RICHARD SHIRO/ASSOCIATED PRESS

What really can't be disputed or debated is what the Constitution says -- and doesn't say -- about which faith or creed best represents its values. The Constitution does not permit a national religion, and the Framers took great care to draft the document in secular terms.

On the one hand is the First Amendment, which clearly states that the government cannot make any law "respecting an establishment of religion." In the words of the Supreme Court, this generally means that the government can't "set up a church," "pass laws which aid one religion, aid all religions, or prefer one religion over another," or otherwise become entangled in religious affairs.

As University of Chicago law professor Geoffrey Stone wrote in a Huffington Post blog last year, one reason the Framers created this "wall of separation between church and state" was that they viewed religion "not as a unifying force, but as a potentially divisive factor that threatened to undermine their goal of forming a more perfect union."

The founders' concerns help explain why another section of the First Amendment -- the one protecting the right to freely exercise any religion -- also stands as a barrier against official attempts to give primacy to one religion over another.

The Supreme Court put this right in its proper context in a 1985 decision (which references Islam by an older term):

At one time it was thought that this right merely proscribed the preference of one Christian sect over another, but would not require equal respect for the conscience of the infidel, the atheist, or the adherent of a non-Christian faith such as Mohammedism or Judaism. But when the underlying principle has been examined in the crucible of litigation, the Court has unambiguously concluded that the individual freedom of conscience protected by the First Amendment embraces the right to select any religious faith or none at all.

The Constitution is also explicit about how "no religious test shall ever be required as a qualification to any office or public trust under the United States."

More than 50 years ago, the Supreme Court was presented with an opportunity to interpret that section of the Constitution, in the case of a Maryland official who was appointed by the governor but denied his commission because he refused to profess a belief in God under the state constitution.

The Supreme Court unanimously sided with the official, holding that Maryland's requirement violated the U.S. Constitution.
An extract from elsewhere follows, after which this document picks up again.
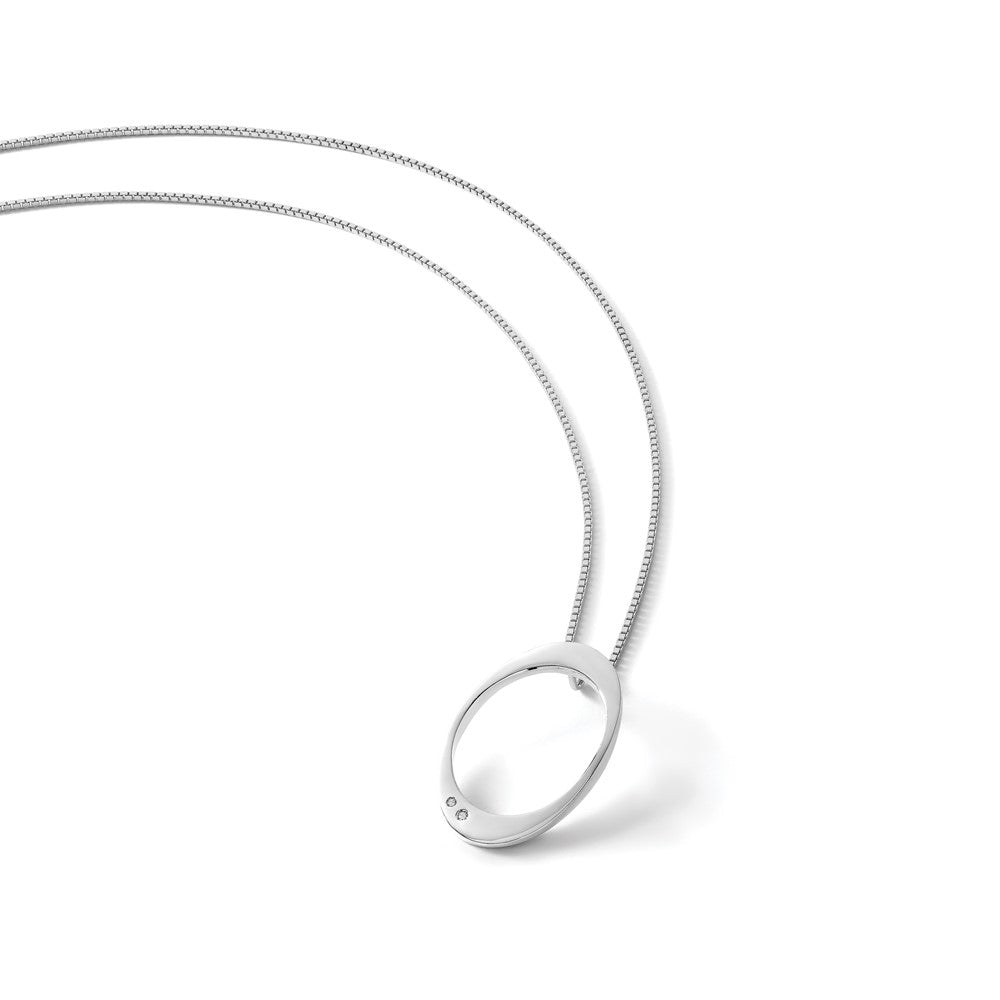 Sterling Silver RH Plated White Ice .015ct. Diamond Necklace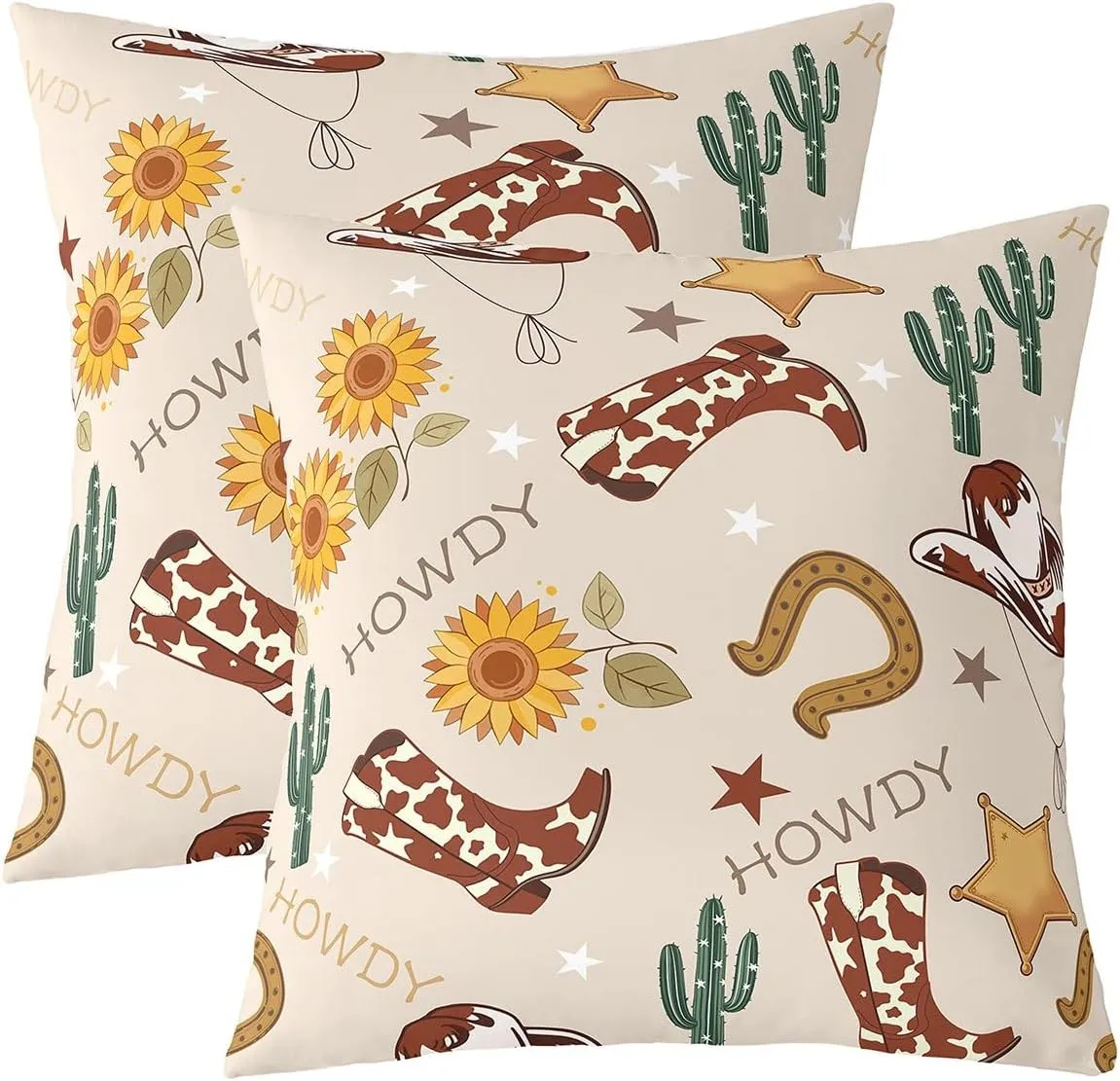 Manfei Cowboy Throw Pillow Covers 2 Pack,Western Boots Hats Texas Star Horseshoe Tribal Double Sides Print Cushion Covers for Sofa,Rustic Cowhide Desert Cactus Sunflower Beige Pillow Covers,22"x 22"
Curiously, though, the court did not base its ruling on the "no religious test" clause, which comes in Article VI, but determined that the First Amendment was enough to decide the matter conclusively.
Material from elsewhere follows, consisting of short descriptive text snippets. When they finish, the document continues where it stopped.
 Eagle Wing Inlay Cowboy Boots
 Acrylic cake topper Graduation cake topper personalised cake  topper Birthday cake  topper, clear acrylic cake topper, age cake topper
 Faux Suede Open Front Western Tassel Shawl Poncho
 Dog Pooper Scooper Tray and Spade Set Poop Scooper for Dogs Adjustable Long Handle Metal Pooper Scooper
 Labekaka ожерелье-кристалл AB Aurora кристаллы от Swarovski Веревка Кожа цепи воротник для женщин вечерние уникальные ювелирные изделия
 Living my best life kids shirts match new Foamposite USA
"We repeat and again reaffirm that neither a State nor the Federal Government can constitutionally force a person to profess a belief or disbelief in any religion," wrote Justice Hugo Black for the court. "Neither can constitutionally pass laws or impose requirements which aid all religions as against nonbelievers, and neither can aid those religions based on a belief in the existence of God as against those religions founded on different beliefs."
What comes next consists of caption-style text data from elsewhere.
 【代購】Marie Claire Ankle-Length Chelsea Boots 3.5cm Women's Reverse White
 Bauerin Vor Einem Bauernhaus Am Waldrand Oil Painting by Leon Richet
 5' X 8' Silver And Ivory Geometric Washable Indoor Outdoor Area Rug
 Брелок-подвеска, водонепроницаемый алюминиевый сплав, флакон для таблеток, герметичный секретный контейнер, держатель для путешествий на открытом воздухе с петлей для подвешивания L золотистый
Professor Stone observed that since that 1961 decision, it has been "accepted wisdom that governments in the United States cannot constitutionally deny individuals the right to hold public office because they do not believe in God."

By the same token, it should be accepted wisdom that Carson is the one on the wrong side of the Constitution when it comes to accepting a Muslim in the Oval Office. Nothing in our founding document stands in the way of a Muslim or any other believer or nonbeliever from serving in any public office.